Thursday, March 24, 2005

random information about ISO-8859-1 useful to webmasters

Far too many web pages have an incorrect ``charset'' specified, then use decimal ``Numeric reference''. (I suspect that most of the time the HTML editor is to blame, not the web page author -- it looks fine on his machine ...). This causes decimal references between  and ÿ inclusive (since they are different between Macintosh and Windows, and vary even between different versions of Windows), to display completely different symbols on different machines.

When I originally wrote this page (back in 1995), The default character set for pages on the web was the ISO-8859-1 character set.

Now it seems everyone's moving to Unicode , making this section more and more obsolete.

( "HTML uses the much more complete character set called the Universal Character Set (UCS), defined in [ISO10646]. This standard defines a repertoire of thousands of characters used by communities all over the world. The character set defined in [ISO10646] is character-by-character equivalent to Unicode 2.0 ([UNICODE]) ." -- )
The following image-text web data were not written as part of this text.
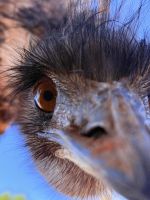 Vogelnahaufnahme - Ghan - NT - Australien &ndash; &copy; Manuel González Urrutia (Eberhardt TRAVEL)
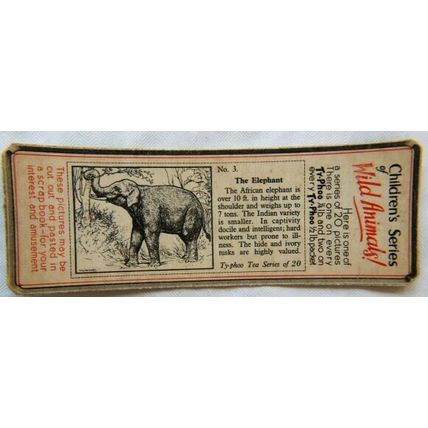 1955 Typhoo Wild Animals card 3 The Elephant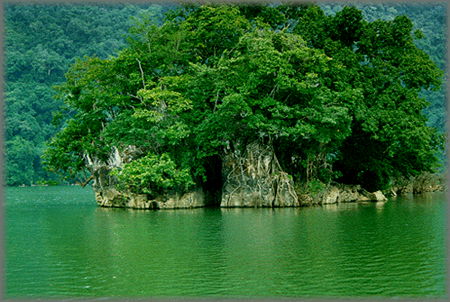 Parque Nacional de Ba Be, destino ecoturístico del norte vietnamita - ảnh 3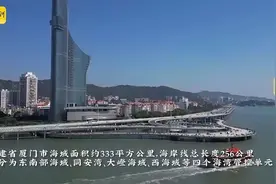 中华白海豚多了、海漂垃圾少了，解码厦门的“鹭岛样本”图片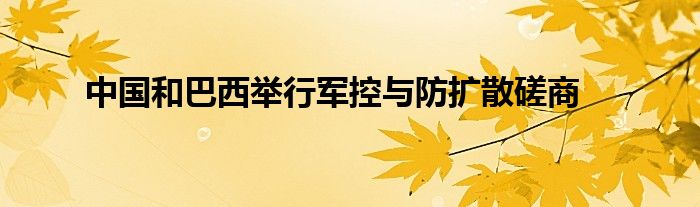 中国和巴西举行军控与防扩散磋商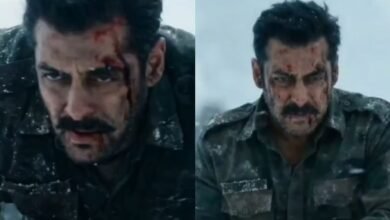 Photo of इस एक्टर के निधन की वजह से टली Salman Khan की ‘मातृभूमि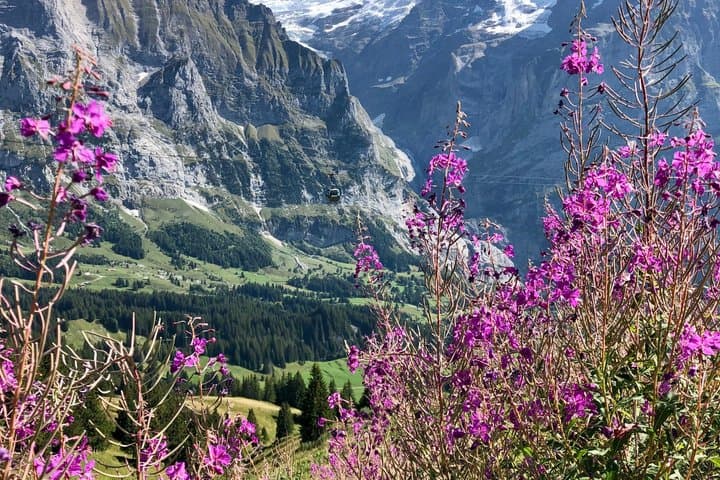 Swiss Alps Icons: Grindelwald & Lauterbrunnen Private Day Trip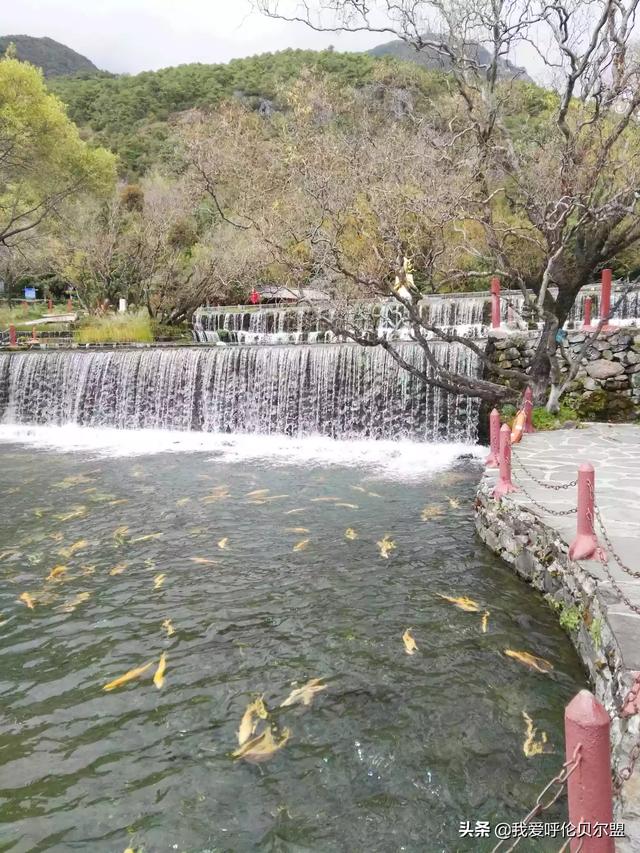 推荐几首关于思乡，想家的英文歌曲或旋律 - 句子网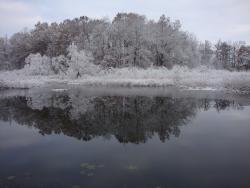 DSC03490.JPG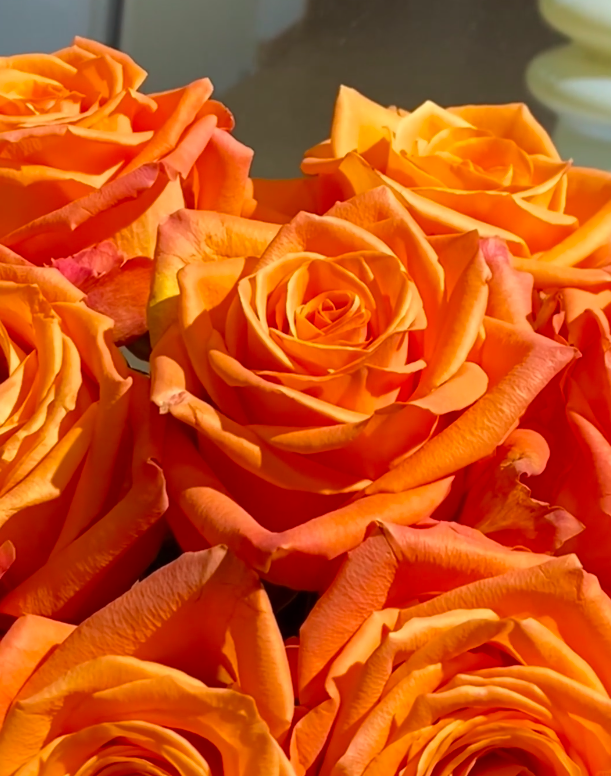 কিংস ডে রোজ Kings Day Rose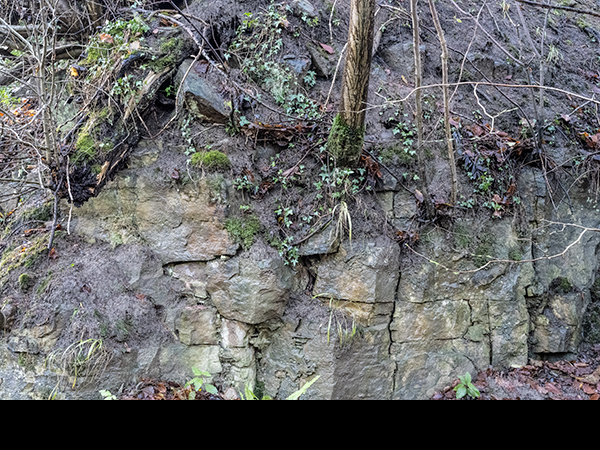 Lepraria lobificans, habitat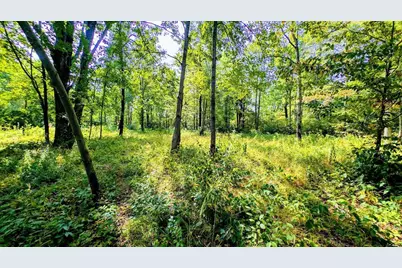 W8185 County Road J, Ladysmith, WI 54848 - Photo 28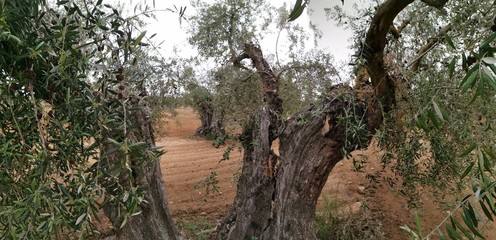 campo de olivos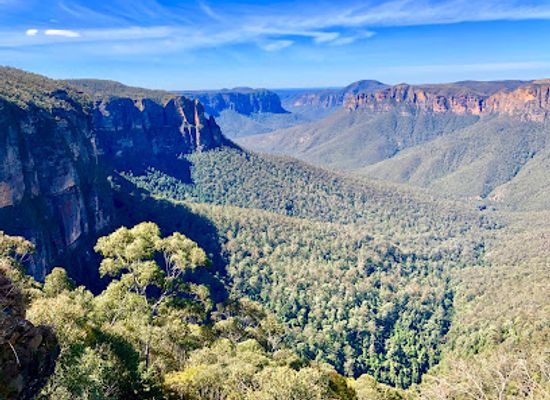australia/blue-mountains-national-park/attraction/cliff-top-walking-track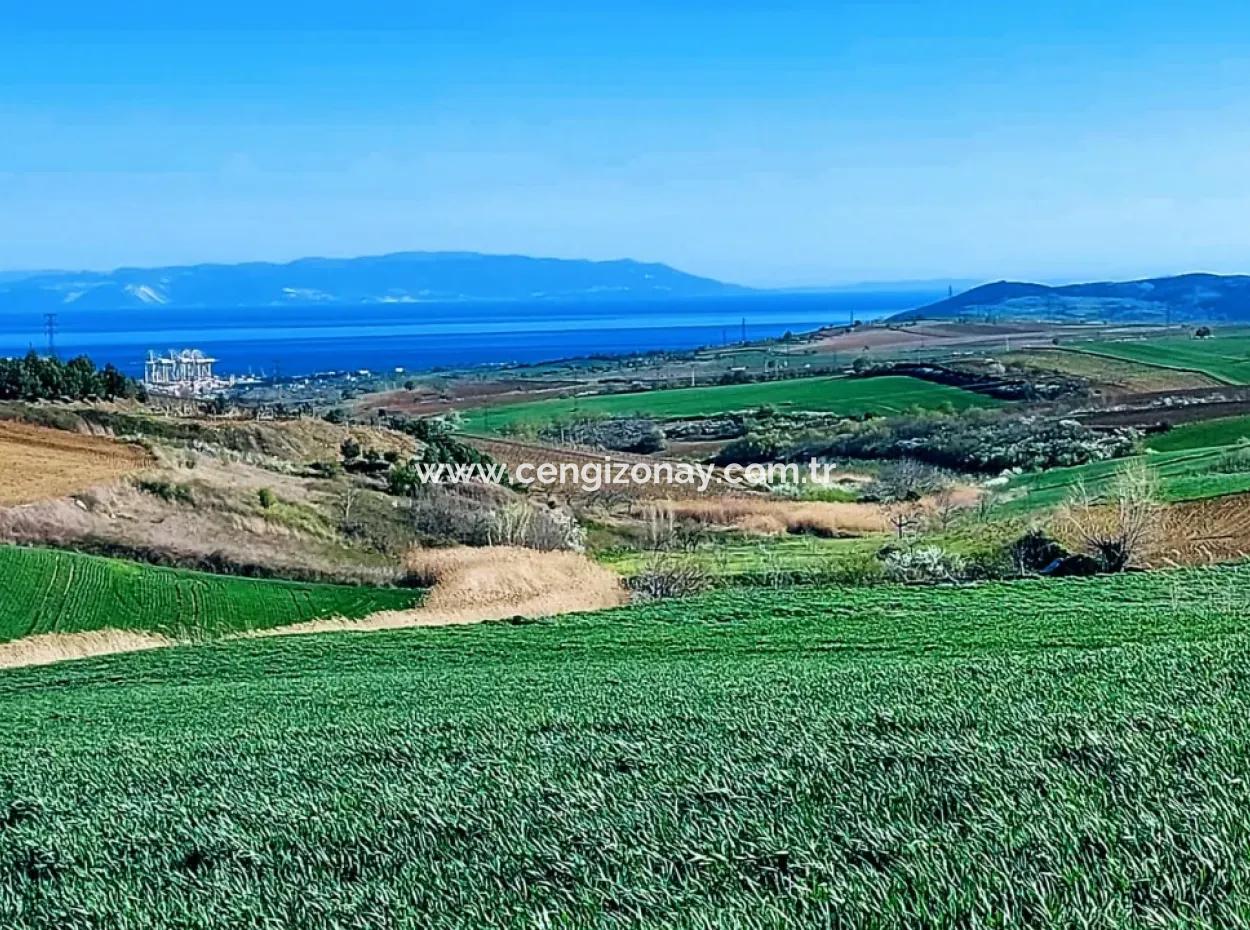 Land For Sale In 19,500 Square Meters Of Commercial And Industrial Area In Nusuratlı Area Of Tekirdağ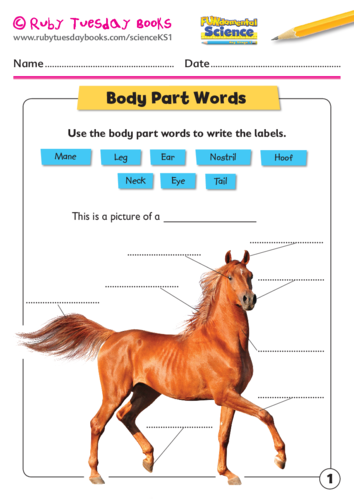 Body part words - horse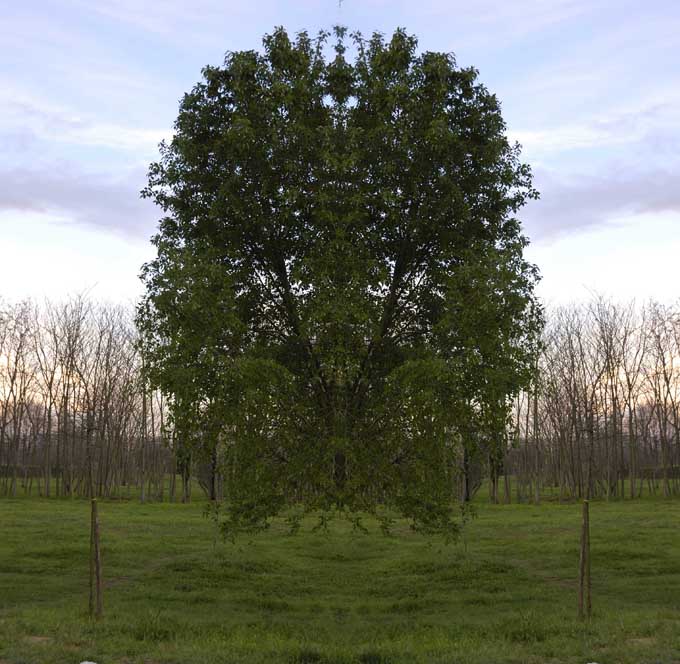 alberi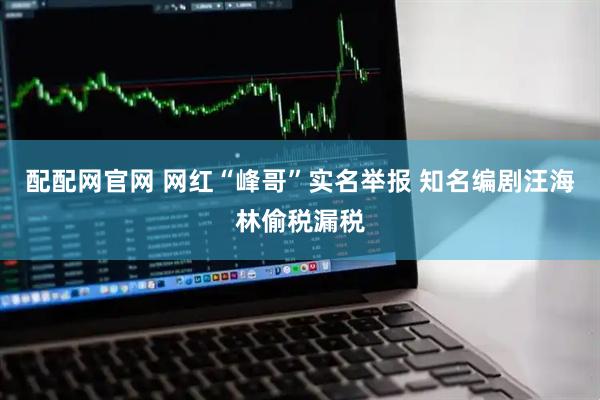 配配网官网 网红“峰哥”实名举报 知名编剧汪海林偷税漏税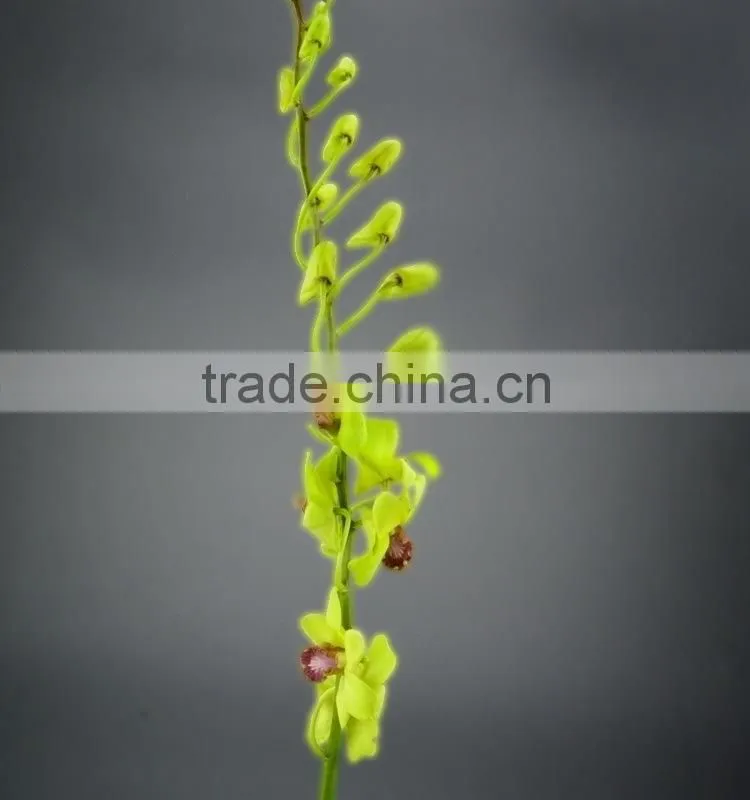 Super quality hot sale mini wholesale violet orchid cattleya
What is Unicode?: "Unicode provides a unique number for every character,
no matter what the platform,
no matter what the program,
no matter what the language.
Fundamentally, computers just deal with numbers. They store letters and other characters by assigning a number for each one. Before Unicode was invented, there were hundreds of different encoding systems for assigning these numbers. No single encoding could contain enough characters: for example, the European Union alone requires several different encodings to cover all its languages. Even for a single language like English no single encoding was adequate for all the letters, punctuation, and technical symbols in common use."